Sobre el mar, su resplandor se extiende en dilatadas ráfagas que semejan velos
ligerísimos de plateado tul, desgarrándose al más leve soplo del viento.

Riela
sobre las fuentes en lluvia de perlas, da la transparencia del nácar a la gota
de rocío que se esconde en el cáliz de las flores, y derrama una suave
melancolía sobre la naturaleza entera, que al sentir la impresión de sus rayos
parece palpitar con esa emoción de placer indefinible que acompaña al primer
beso de amor.

En
esas noches serenas, y a la claridad de la luna, la imaginación ve aparecer
sobre el haz de la tierra todos los quiméricos seres de la leyenda.
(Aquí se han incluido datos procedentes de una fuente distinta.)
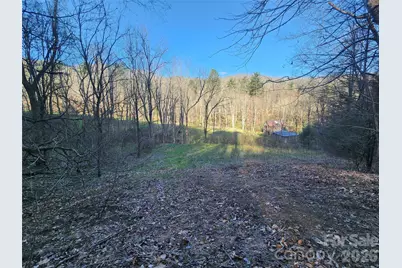 1025 Chandler Cove Road, Marshall, NC 28753 - Photo 46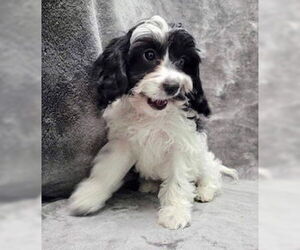 Cavalier King Charles Spaniel Dogs for adoption in Lincolnwood, IL, USA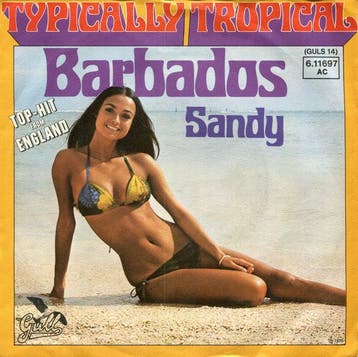 vinyl single 7 inch - Typically Tropical - Barbados, Verzenden, Zo goed als nieuw, 7 inch, Pop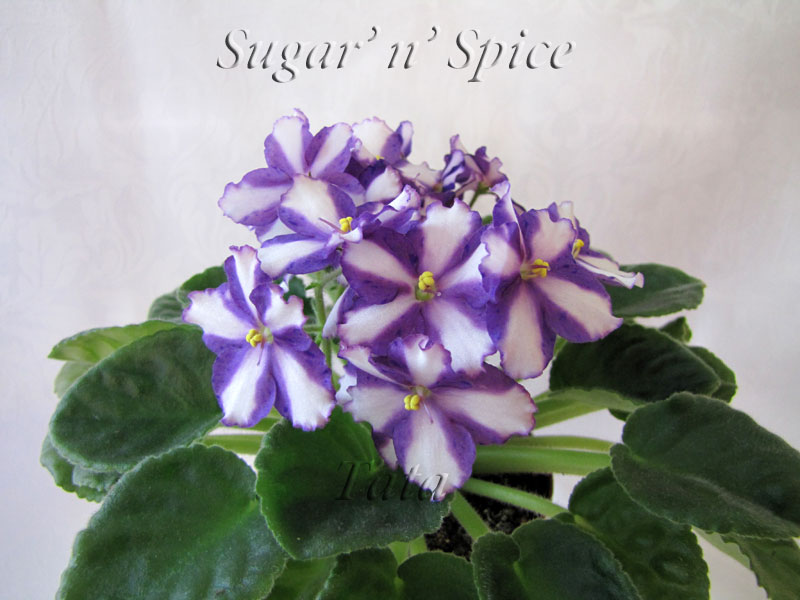  Sugar 'n' Spice 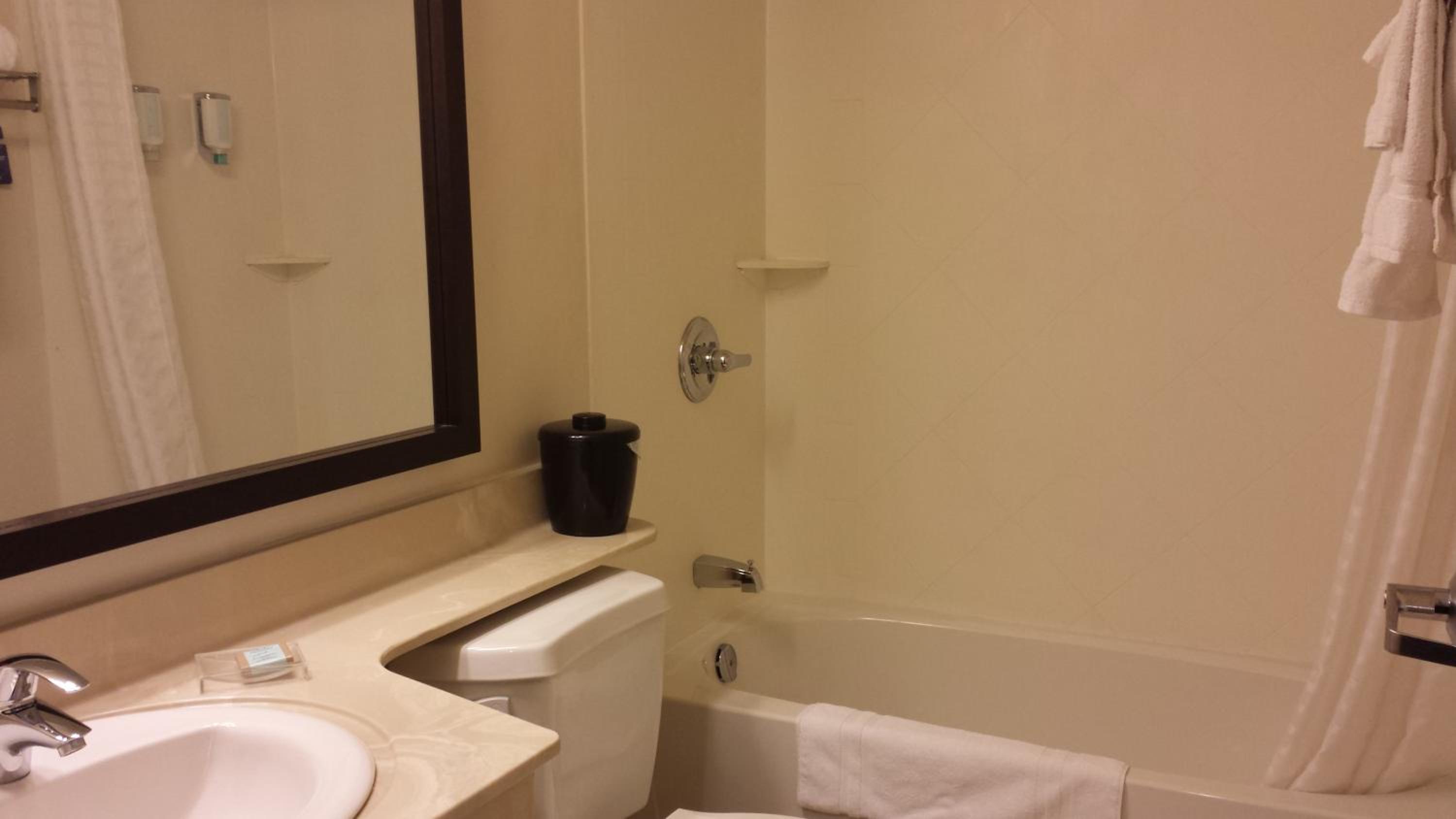 One-Bedroom King Suite - Non-Smoking - Photo 6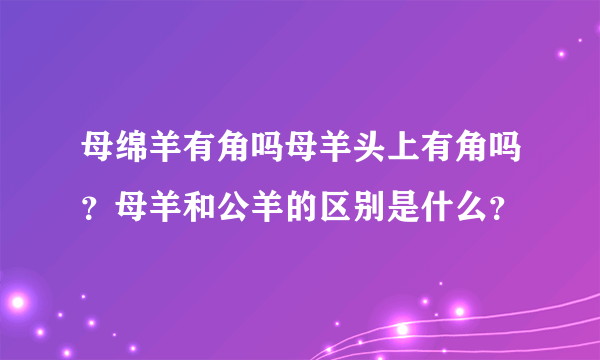 母绵羊有角吗母羊头上有角吗？母羊和公羊的区别是什么？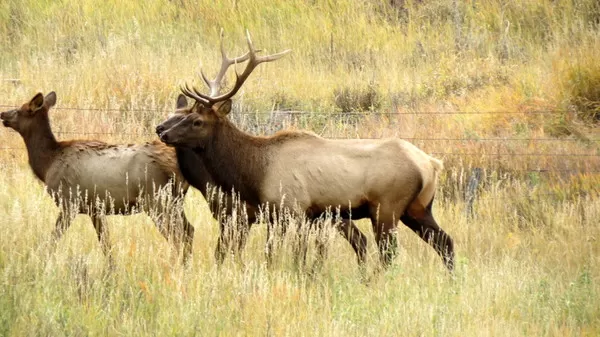 Elk at Montana Whitetails 12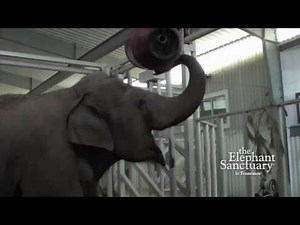 The Elephant Sanctuary | Elephant Enrichment Toy Story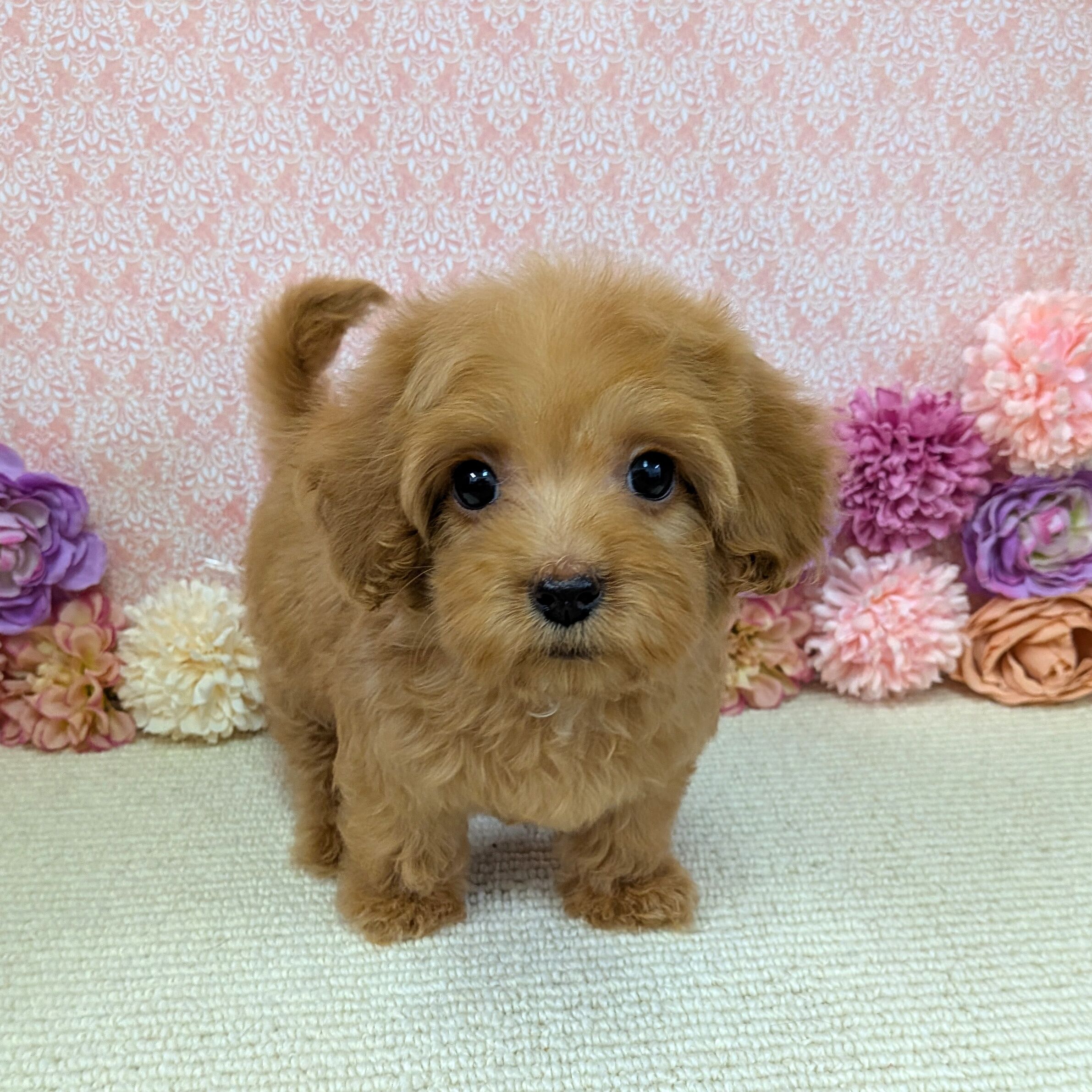 価格の安い2/19撮影！犬MIX✨（トイプードル×ミニチュアダックス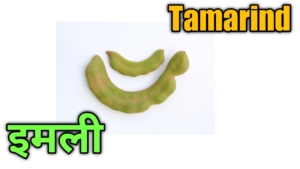 fruits name in hindi pdf download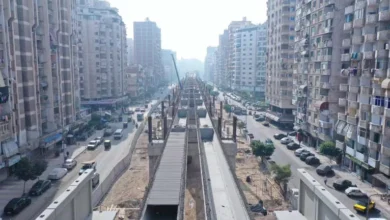 بالتنسيق مع "أوراسكوم".. "العمل" تختبر 340 عاملًا بمشروع مترو الإسكندرية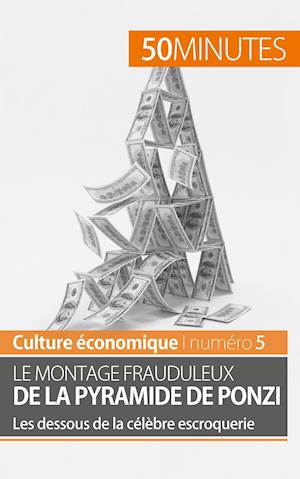 Le montage frauduleux de la pyramide de Ponzi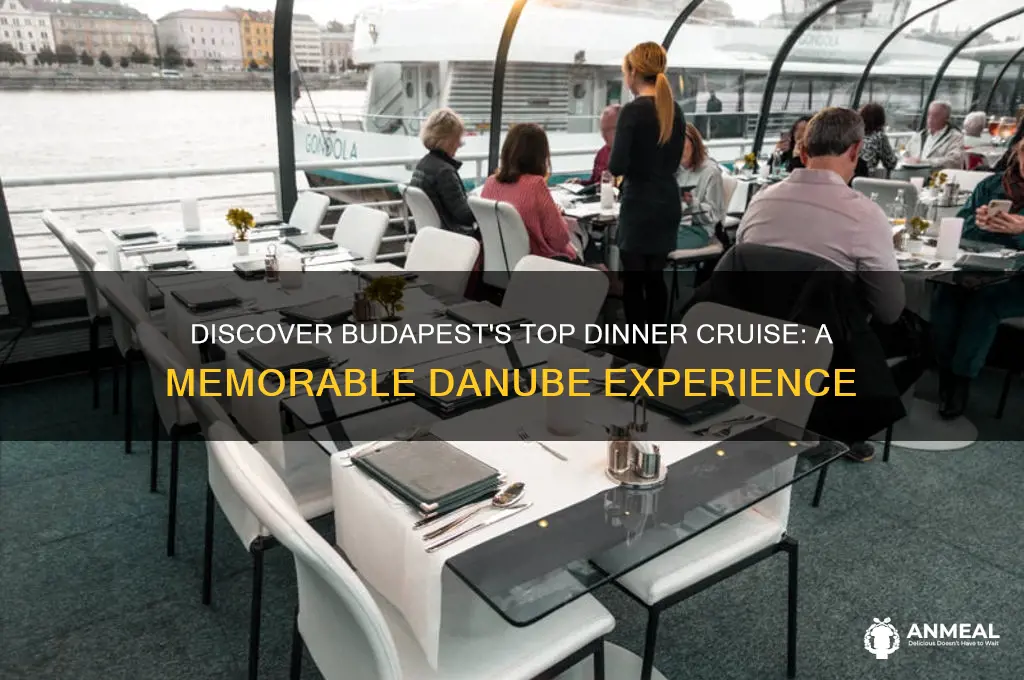 what is the best dinner cruise in budapest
Los gnomos,
vigilantes guardianes de los tesoros ocultos, abandonan las minas de metales
preciosos, las rocas submarinas, llenas de perlas y de corales, las grutas de
cristal o de estalactitas; las ondinas rompen el muro transparente de su cárcel
y, sentadas a la orilla de las aguas, peinan sus largos y húmedos cabellos;
todos los seres fantásticos e invisibles que se ocultan en el seno de la
tierra, flotan en el aire, se agitan en el fuego o se deslizan de entre las
ondas de las aguas, aparecen entonces, confundiéndose en los mismos fuegos y
entregándose a la expansión de su alegría.
Sólo los silfos, hijos de la ardiente
claridad del sol, permanecen ocultos en sus perfumados palacios, entre los
pétalos de las flores.
A
veces, como una casta matrona cubre su rostro con el velo si hiere su vista el
espectáculo de la embriaguez, la luna se envuelve en un manto de nubes, entre
las cuales asoma tal vez un rayo de su luz que entonces tiene un resplandor
siniestro y sombrío.
Esas son las noches en que los genios impuros congregan
sus asambleas, y las brujas y los vampiros danzan en torno a Luzbel,
prestándole homenaje.
La
luna es compañera querida de los amantes. El hombre que una sola vez en su vida
haya visto esa claridad velada que toma algo del color azul del cielo
reflejándose en unos hermosos ojos humedecidos por el amor, ha podido ya
percibir a través de aquella mirada una anticipada visión del paraíso.
La
belleza de una mujer parece que se aumenta si la contemplamos a la luz de la
luna: este pálido reflejo, al iluminar su rostro, esparce en él una suave tinta
de melancolía y lo rodea de una indefinible aureola que da a la belleza de la
mujer algo de la celestial belleza de los ángeles.
Y
ese astro tan bello, tan puro, tan melancólico, que ha inflamado la imaginación
de los más grandes poetas y ha inspirado a Bellini una melodía que será
imperecedera, ¿he de verlo tal como lo describe la ciencia? No; renuncio
generosamente el telescopio científico.

Quiero contemplar la luna como se
presenta a mi vista y creer que es lo que parece, que si en esto pierde la
ciencia, en cambio gana mucho la poesía, y váyase lo uno por lo otro.